If we are looking back to home computers, maybe the Q60 was the last real "Home computer clone", a Sinclair QL on steroids using a Motorola 68060 CPU in a PC case using ISA slots. It was first available 1999. I don't know how long exactly it was sold, but I seem to recall well into 2005.
Its home page is still up (although it is named after its predecessor, the Q40 that used a 68040 CPU) in case you want to learn something about this really rare "home computer".
Apart from running an extended version of QDOS, the QL's native operating system, the Q60 could also run its predecessor, SMSQ/ and 68k Linux.
I do, however, think that the classic home computer has never died - Still today, it was proven to be possible to get well over 700kGBP funding for a project like the Spectrum Next on Kickstarter - This will, once released, obviously be the next "last Home Computer".

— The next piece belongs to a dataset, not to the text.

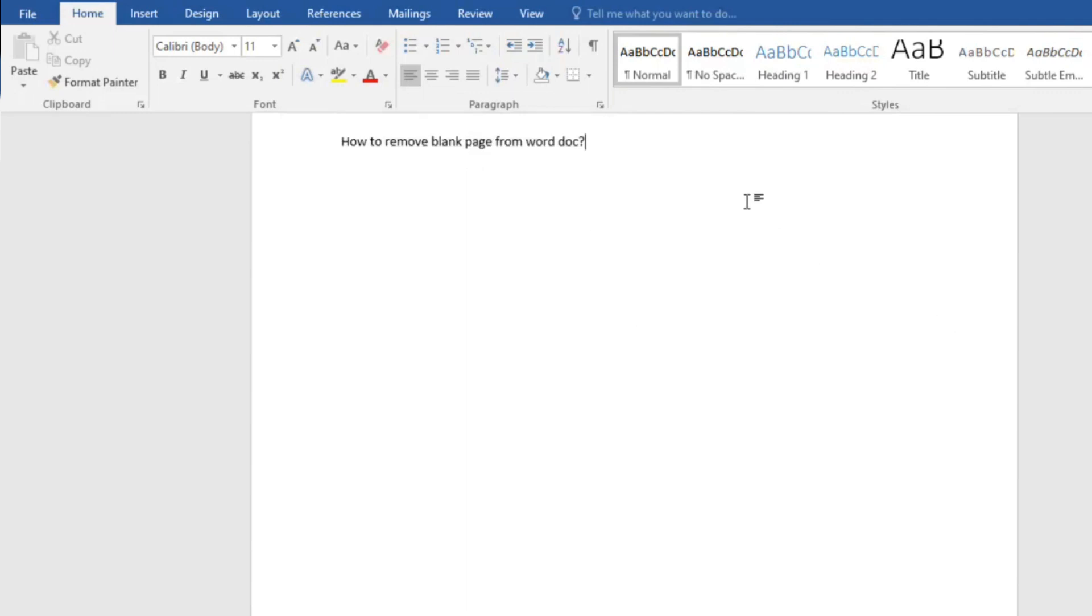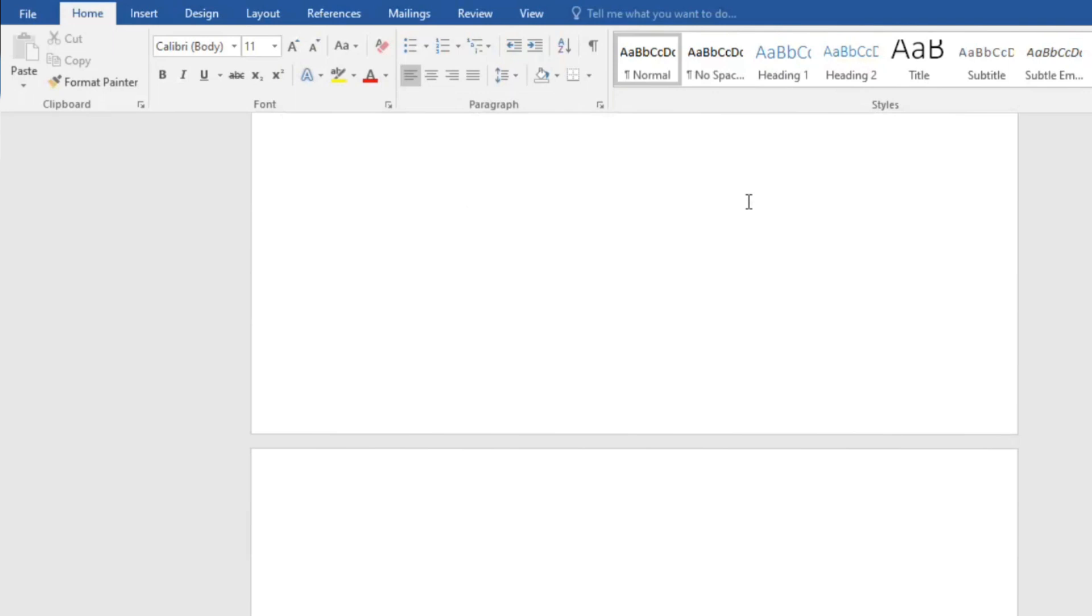move to the next page. Okay, so we have moved to the next page. Now we will try to remove the second page. What we will do is first type something randomly on that page.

Some elaborations on the Sinclair QL history as comments (somehow) seem to ask for them:
After the demise of the Sinclair QL which wasn't going to be continued by Amstrad starting from the Sinclair buy 1986, QL owners were kind of orphaned from any backing by suppliers.
Some of the peripherals suppliers jumped in and continued to produce first expansion boards, then, after the original supply of new computers made by Sinclair and cheaply thrown onto the market by Amstrad dried out, continually moved towards supplying complete QL compatible computers. Some examples (in roughly chronological order, and only the most important developments):
- Miracle Systems Gold/SuperGold Card: Produced during the Sinclair/Amstrad transition phase - A plug-in card to replace most of the original QL except video and peripherals. Had a 68000 CPU and 2MB of memory (GoldCard) or a 68020 and 4MB RAM (Super GoldCard). Both copied and runtime-patched the original QL ROM into fast RAM, mainly for speed and circumventing any copyright issues (Amstrad initially threatened to sue anyone who would copy Sinclair intellectual property)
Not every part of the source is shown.